Since I updated my U1 to firmware 1.4.0 I recognized some strange things happening in my network:
Environment: FritzBox 7530 FW 8.25. 2x TPLink AX55 as AP
Several time per day my network got unusable slow - so I took a closer look:
I saw constant internal traffic up to ~5MBit/sec, which I never recognized before.
I used Wireshark to find out more about it and saw several of my Amazon Echos (Dot3, Dot4, Echo4, Pop) sending hundreds of broadcasts per second, which completely jammed my network.
This happens several times per day and I cannot see a reproducible reason.
My solution is to disconnect the Echo from power, or reboot it from the Amazon App.
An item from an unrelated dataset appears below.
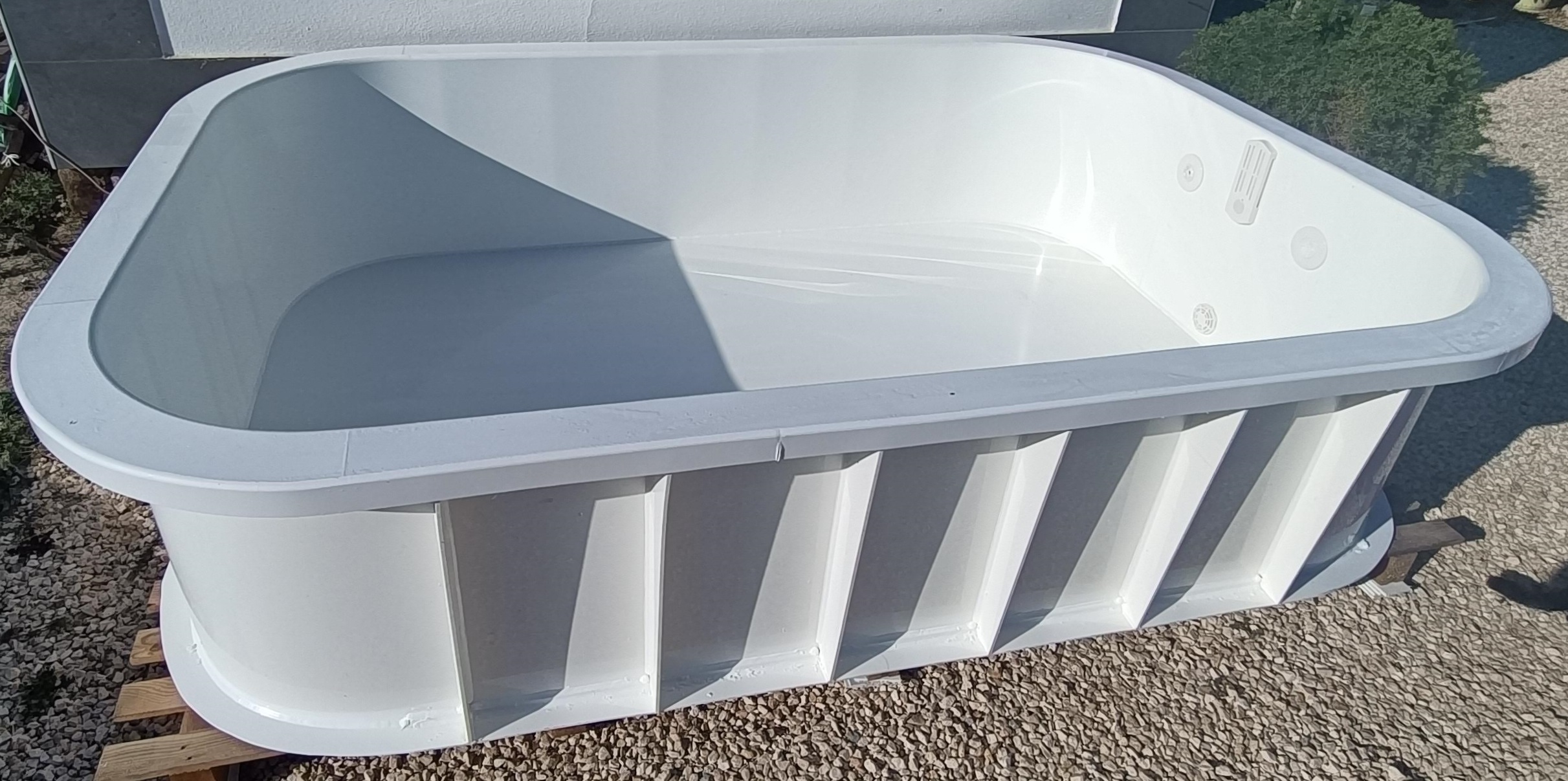 Mini piscinas elevadas para terrazas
Example (U1-81100260116000478PW7 is my Snapmaker U1. The IP is assigned by the FritzBox - DHCP reseved.):
4664 4.290846 192.168.178.167 224.0.0.251 MDNS 89 Standard query 0x0000 AAAA U1-81100260116000478PW7.local, “QM” question
4665 4.290846 fe80::76d4:23ff:fe0f:6680 ff02::fb MDNS 109 Standard query 0x0000 AAAA U1-81100260116000478PW7.local, “QM” question
Has anybody seen this before, or maybe a solution for this?
Thanks, Stefan
How sure are you this only started with 1.4.0 and wasn’t there before but you didn’t notice?
If you disconnect the U1 from your network during one of these “storms”, does the traffic stop?
You imply rebooting an Echo stops the traffic – how long for? You listed for Echoes, so is only one participating at once?
I have no idea what that Wireshark snippet is saying, put personally I wouldn’t have one of those spyware devices (Echoes) on my network! If you must, how about isolating them on a separate subnet.
No, I’m not sure, that it really started with 1.4.0 - I only recognized the problem some hours after I did the update. I’m not even sure, that the root cause is the U1, as the information you get from Amazon is not very detailed. Network Configuration options for both products are limited - so at the moment I’m only trying to find out what’s going on in my network.
If I make the U1 powerless, the broadcast traffic stops “a while” later. Sorry - I cannot be more specific, I only tried this one time.
Rebooting / power cycling an Echo stops these broadcast for a minimum of ~30 min, but it may also take hours until the device starts broadcasting again - as far as I recognized it for now.
No, not limited to one device - when I diged deeper into this, I had 5 Echos screaming into the network.
Simplified translation of the snippet: “U1-81100260116000478PW7.local - tell me your IPv6 address”.
Yes, I would like to isolate them in a dedicated subnet, but I would have to replace my current (WiFi) equipment - not a short term solution…
It seems to me the Echoes have spotted a device on the network and are bombing it with requests to identify itself, but it’s not responding. Enough reason not to have Echoes on anything but a firewalled separate network!